Uluslararası Tepkiler ve Gözler Sudan Ordusunda
Sudan’da her geçen gün ağırlaşan iç savaş koşulları, uluslararası toplumun da yakın takibinde. Özellikle askeri hava kazalarının artması, uluslararası kuruluşlar tarafından endişeyle karşılanıyor. Uzmanlar, ordunun teknik kapasitesinin azaldığını, bakım süreçlerinin aksadığını ve bunun uçuş güvenliğini ciddi biçimde tehdit ettiğini belirtiyor.
Son kaza, Sudan ordusunun hava gücüne yönelik tartışmaları yeniden gündeme taşırken, müttefik ülkeler ve bölgesel örgütlerin, Sudan’daki askeri yapılanma ve güvenlik durumu hakkında daha somut değerlendirmeler yapmasına yol açabilir. Hem hükümet hem de sivil toplum kuruluşları, ülkenin içinde bulunduğu çatışma ortamının sona ermesi gerektiğini vurguluyor.
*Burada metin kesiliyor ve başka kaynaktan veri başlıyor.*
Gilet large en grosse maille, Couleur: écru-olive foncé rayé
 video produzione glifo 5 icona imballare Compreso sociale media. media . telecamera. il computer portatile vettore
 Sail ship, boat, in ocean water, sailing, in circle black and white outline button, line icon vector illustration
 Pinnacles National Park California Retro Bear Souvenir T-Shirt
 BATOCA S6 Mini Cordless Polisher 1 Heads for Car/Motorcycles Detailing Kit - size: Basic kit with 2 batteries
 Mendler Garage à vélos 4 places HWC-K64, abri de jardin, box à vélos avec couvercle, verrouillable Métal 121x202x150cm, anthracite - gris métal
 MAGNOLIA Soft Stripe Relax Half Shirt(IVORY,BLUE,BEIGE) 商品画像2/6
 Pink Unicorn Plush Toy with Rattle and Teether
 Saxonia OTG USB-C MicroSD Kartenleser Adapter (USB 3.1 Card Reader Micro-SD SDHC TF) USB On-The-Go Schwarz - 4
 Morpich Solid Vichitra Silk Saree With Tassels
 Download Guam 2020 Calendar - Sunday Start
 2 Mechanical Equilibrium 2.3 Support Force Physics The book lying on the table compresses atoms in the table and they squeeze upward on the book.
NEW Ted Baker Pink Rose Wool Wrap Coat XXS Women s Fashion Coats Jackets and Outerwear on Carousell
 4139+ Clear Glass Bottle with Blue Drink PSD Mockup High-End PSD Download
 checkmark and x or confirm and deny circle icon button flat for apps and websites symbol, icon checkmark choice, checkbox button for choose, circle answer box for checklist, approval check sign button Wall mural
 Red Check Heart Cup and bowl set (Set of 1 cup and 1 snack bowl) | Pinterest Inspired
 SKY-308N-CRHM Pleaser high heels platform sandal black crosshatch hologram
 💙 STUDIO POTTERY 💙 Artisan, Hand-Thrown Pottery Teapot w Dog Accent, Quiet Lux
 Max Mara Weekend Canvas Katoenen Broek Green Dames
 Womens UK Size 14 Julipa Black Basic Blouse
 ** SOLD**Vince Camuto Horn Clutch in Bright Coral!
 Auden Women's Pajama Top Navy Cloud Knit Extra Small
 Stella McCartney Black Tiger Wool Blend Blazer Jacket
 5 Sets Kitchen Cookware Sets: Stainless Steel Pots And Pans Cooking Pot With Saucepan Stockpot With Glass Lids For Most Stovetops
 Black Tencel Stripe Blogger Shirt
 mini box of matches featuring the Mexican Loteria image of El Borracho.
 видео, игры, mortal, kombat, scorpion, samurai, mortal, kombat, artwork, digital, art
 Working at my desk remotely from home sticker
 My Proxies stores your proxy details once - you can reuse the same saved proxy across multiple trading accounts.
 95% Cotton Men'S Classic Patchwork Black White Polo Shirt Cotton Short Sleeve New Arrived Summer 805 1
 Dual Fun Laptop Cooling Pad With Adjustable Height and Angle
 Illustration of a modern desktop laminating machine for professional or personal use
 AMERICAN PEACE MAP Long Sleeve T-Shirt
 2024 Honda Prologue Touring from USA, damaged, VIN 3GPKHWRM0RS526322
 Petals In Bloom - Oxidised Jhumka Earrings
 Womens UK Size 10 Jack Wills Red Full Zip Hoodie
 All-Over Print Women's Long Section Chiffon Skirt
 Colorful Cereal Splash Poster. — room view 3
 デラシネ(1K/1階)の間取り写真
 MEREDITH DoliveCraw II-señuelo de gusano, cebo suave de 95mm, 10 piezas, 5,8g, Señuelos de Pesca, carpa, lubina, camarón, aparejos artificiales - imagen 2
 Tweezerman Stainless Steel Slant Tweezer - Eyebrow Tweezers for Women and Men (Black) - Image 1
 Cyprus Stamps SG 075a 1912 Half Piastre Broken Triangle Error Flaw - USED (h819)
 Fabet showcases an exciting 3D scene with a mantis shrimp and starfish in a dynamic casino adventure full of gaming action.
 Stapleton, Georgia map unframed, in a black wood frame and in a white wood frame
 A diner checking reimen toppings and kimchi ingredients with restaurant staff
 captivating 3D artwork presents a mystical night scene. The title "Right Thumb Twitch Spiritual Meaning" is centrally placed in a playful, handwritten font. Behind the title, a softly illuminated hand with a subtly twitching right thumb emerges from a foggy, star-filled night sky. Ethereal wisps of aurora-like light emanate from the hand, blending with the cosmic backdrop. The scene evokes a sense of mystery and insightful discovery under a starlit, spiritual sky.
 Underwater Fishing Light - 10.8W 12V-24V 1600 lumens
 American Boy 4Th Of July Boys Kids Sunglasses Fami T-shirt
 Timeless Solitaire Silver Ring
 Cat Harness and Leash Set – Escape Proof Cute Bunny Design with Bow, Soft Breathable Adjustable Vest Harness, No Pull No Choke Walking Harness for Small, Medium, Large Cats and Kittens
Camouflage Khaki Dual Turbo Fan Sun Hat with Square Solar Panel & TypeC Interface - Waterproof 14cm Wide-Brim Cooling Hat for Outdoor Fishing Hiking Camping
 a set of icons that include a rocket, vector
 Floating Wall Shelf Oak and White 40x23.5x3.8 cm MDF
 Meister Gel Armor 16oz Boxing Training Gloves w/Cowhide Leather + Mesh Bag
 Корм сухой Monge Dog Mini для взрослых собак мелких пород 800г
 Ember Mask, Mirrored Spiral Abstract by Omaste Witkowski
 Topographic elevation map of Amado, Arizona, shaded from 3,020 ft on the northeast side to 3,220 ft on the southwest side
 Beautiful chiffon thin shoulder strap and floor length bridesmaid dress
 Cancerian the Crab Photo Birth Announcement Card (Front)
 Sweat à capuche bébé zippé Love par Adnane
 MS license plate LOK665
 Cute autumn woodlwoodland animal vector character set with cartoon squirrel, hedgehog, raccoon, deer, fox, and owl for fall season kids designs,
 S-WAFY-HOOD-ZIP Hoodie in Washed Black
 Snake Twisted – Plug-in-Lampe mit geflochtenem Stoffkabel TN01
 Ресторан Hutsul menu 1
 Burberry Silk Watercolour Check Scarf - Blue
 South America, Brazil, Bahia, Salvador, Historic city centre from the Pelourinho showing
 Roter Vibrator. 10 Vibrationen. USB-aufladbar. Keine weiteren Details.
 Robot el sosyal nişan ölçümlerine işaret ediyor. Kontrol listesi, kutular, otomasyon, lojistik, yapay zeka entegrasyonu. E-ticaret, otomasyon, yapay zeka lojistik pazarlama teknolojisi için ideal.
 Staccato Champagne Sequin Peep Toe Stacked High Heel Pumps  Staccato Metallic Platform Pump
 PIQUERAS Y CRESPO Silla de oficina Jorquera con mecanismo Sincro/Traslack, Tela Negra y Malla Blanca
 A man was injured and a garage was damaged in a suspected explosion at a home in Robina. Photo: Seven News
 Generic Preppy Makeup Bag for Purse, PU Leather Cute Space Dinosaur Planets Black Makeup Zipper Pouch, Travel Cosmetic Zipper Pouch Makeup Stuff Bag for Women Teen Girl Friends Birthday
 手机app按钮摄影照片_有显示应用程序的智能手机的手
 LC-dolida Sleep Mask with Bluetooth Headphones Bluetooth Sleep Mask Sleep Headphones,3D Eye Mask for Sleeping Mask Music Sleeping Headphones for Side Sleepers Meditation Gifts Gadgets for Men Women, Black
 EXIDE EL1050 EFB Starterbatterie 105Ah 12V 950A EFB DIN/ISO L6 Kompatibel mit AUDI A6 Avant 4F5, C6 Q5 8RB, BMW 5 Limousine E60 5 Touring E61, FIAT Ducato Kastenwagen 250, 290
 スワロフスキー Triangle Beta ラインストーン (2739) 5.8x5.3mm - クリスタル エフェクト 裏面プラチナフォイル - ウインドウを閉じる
Sudan’ın doğusunda yaşanan bu trajik olay, sadece bir askeri kayıp değil; aynı zamanda ülkede süren iç savaşın yarattığı ağır insani, siyasi ve teknik koşulların bir yansıması. Halkın güvenliği, askeri kapasitenin sürdürülebilirliği ve insani yardım akışının devamı, ülkenin geleceği için kritik önem taşımaya devam ediyor.